| What the task requires |
Please copy exactly the part of the records below that opens with the line containing "In front of" and closes with the line containing "Welcome to linuxhelp.com.", leaving out any pictures.

[[ Data shown open ]]

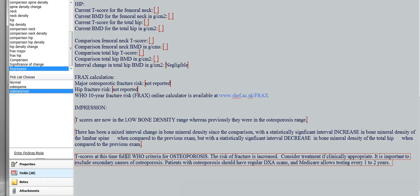Double-click that, and you'll get this same thing, which is similar, but a little stronger. The risk of fracture is increased, consider treatment if clinically appropriate, and then the same thing about the secondary osteoporosis and regular DEXA scans. And that's it.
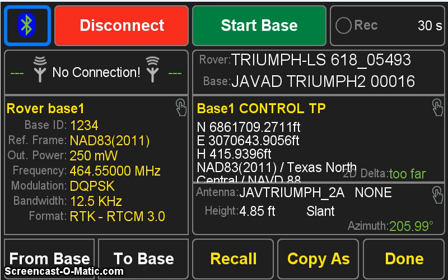Now then, if we wanted to mimic the parameters currently in the base, we could just hit the from base button, and it would grab whatever parameters are in the base and make those current. This may be really handy if you have two rovers, and you want to configure that second rover quickly off of the base. You would be able to just simply hit from base, and immediately you would have the parameters that the first rover set the base to. Generally speaking, you will be using the to base button more so than the from base, but both are available to you.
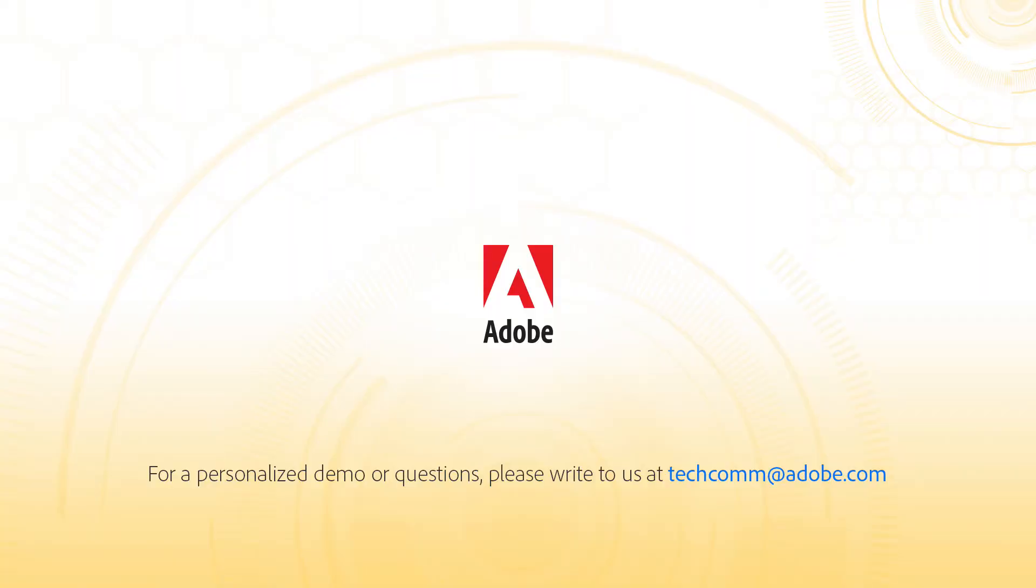For a personalized demo or questions, please write to us at techcomm at adobe.com.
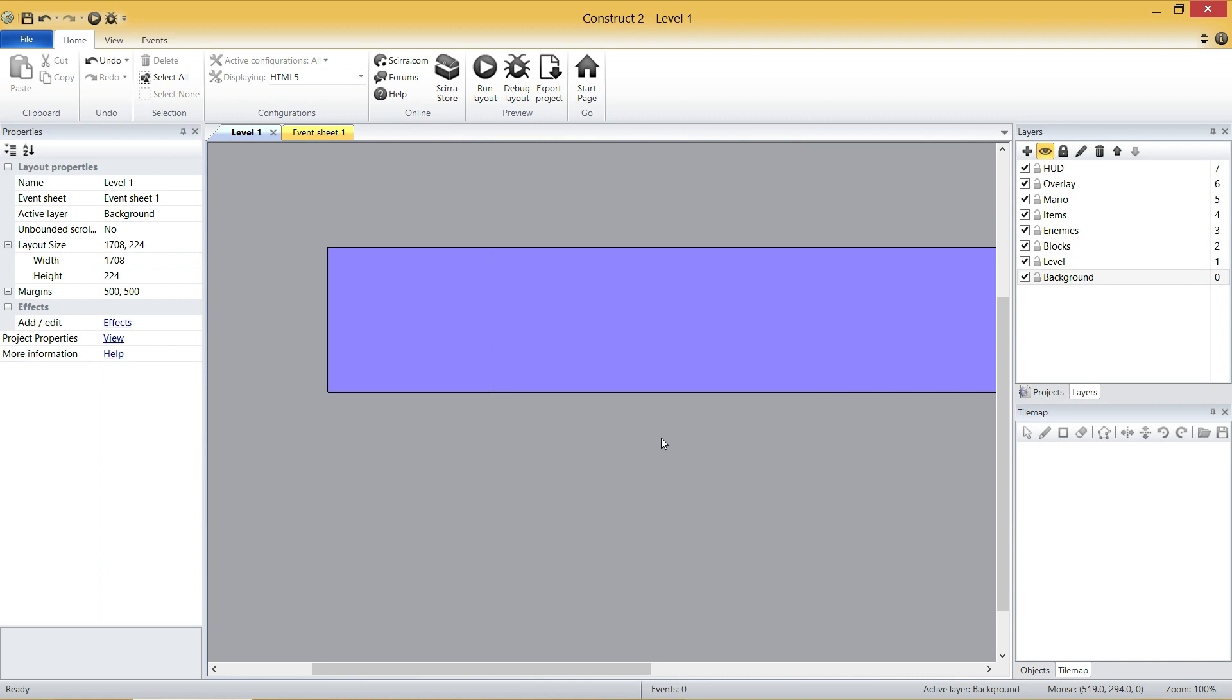That's it for the first video, everybody. We've set up our game. We've got our layers. We're ready to go. In the next video, we're going to create the ground quickly and we're going to create Mario and set up all these animations. So thanks for watching, everybody. I'll see you in the next one. Bye.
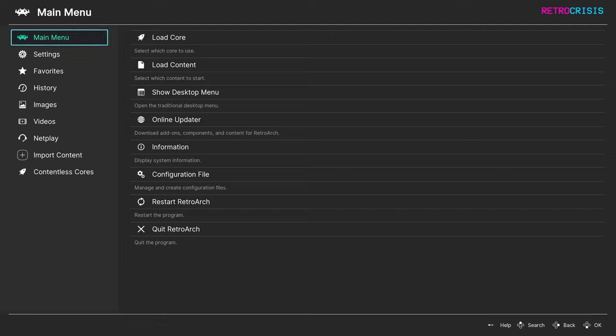If your eyesight is anything like mine, sometimes the menus in RetroArch can be quite difficult to see. Fortunately, it's possible to increase and decrease the size of the text within the menus in RetroArch.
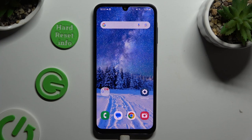In front of me is Samsung Galaxy A05s, and today I would like to show you how you can open apps in pop-up view.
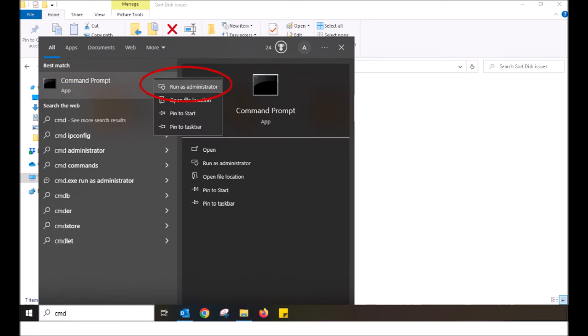You will see an application called Command Prompt appear. What I want you to do is right click the Command Prompt with your mouse, go to Run as Administrator, and then left click Run as Administrator to open it.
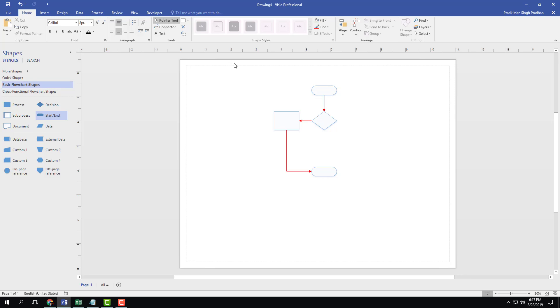With the use of layers, you can really control the design and utilize design techniques in Microsoft Visio. That is how you work with layers inside Microsoft Visio. Hope you guys learned something — as always, please like, comment, share, and subscribe.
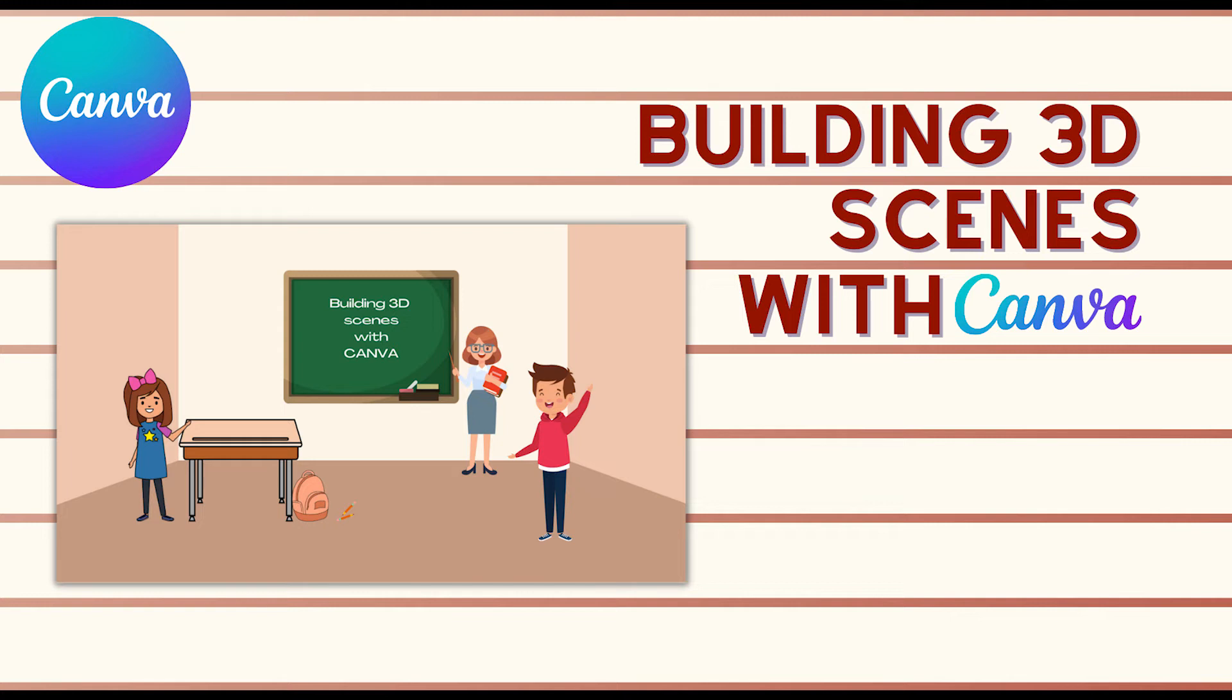Hello and welcome back! Today we will be building 3D scenes with Canva.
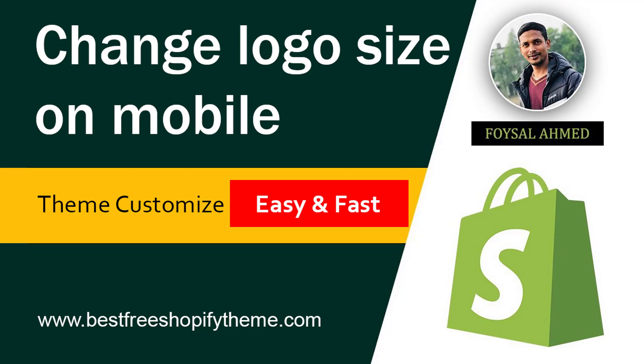Hey, welcome to my YouTube channel. In this tutorial, I'm going to show you how to change logo size on mobile. If you're looking for an easy and fast solution, you can continue this video.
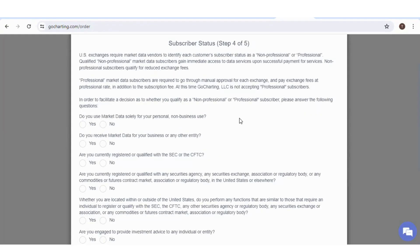Now this is a form to know whether you are a professional trader or not. For professional traders, the data from CME is very costly. So you have to give an undertaking here that you are not a professional trader. You just select first option as yes and all the rest options as no.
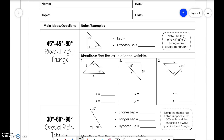We're going to talk about special right triangles today. Special right triangles are going to be super important when we get to trigonometry. For a 45-45-90, the relationship is a, a, a√2.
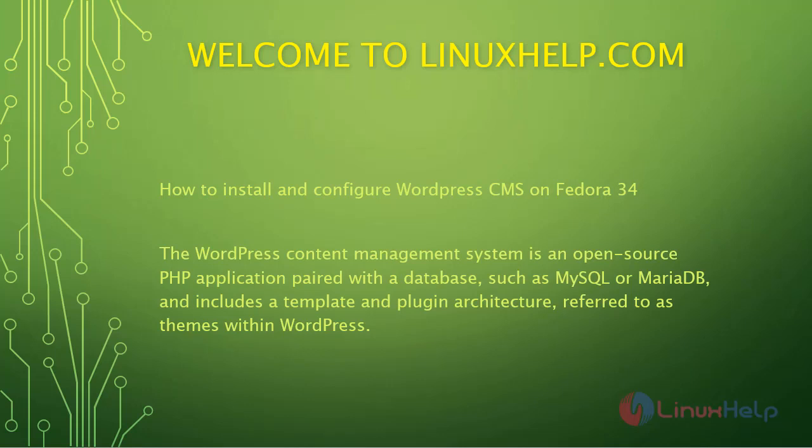Welcome to linuxhelp.com. In this session we will see how to install and configure WordPress CMS on Fedora 34. The WordPress content management system is an open source PHP application paired with a database such as MySQL or MariaDB and includes a template and plugin architecture referred to as themes within WordPress.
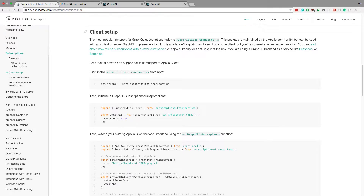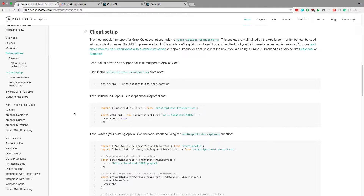I'm going to be showing you how to set up GraphQL subscriptions on the client side, walking through the setup for using the Apollo library. This assumes you have a GraphQL server setup — I have a previous video showing how to set one up with subscriptions ready to use, linked in the description. This also assumes you have Apollo set up on a React project.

[[ Data shown closed ]]

| Finished task |
In front of me is Samsung Galaxy A05s, and today I would like to show you how you can open apps in pop-up view.
You will see an application called Command Prompt appear. What I want you to do is right click the Command Prompt with your mouse, go to Run as Administrator, and then left click Run as Administrator to open it.
With the use of layers, you can really control the design and utilize design techniques in Microsoft Visio. That is how you work with layers inside Microsoft Visio. Hope you guys learned something — as always, please like, comment, share, and subscribe.
Hello and welcome back! Today we will be building 3D scenes with Canva.
Hey, welcome to my YouTube channel. In this tutorial, I'm going to show you how to change logo size on mobile. If you're looking for an easy and fast solution, you can continue this video.
Now this is a form to know whether you are a professional trader or not. For professional traders, the data from CME is very costly. So you have to give an undertaking here that you are not a professional trader. You just select first option as yes and all the rest options as no.
We're going to talk about special right triangles today. Special right triangles are going to be super important when we get to trigonometry. For a 45-45-90, the relationship is a, a, a√2.
Welcome to linuxhelp.com. In this session we will see how to install and configure WordPress CMS on Fedora 34. The WordPress content management system is an open source PHP application paired with a database such as MySQL or MariaDB and includes a template and plugin architecture referred to as themes within WordPress.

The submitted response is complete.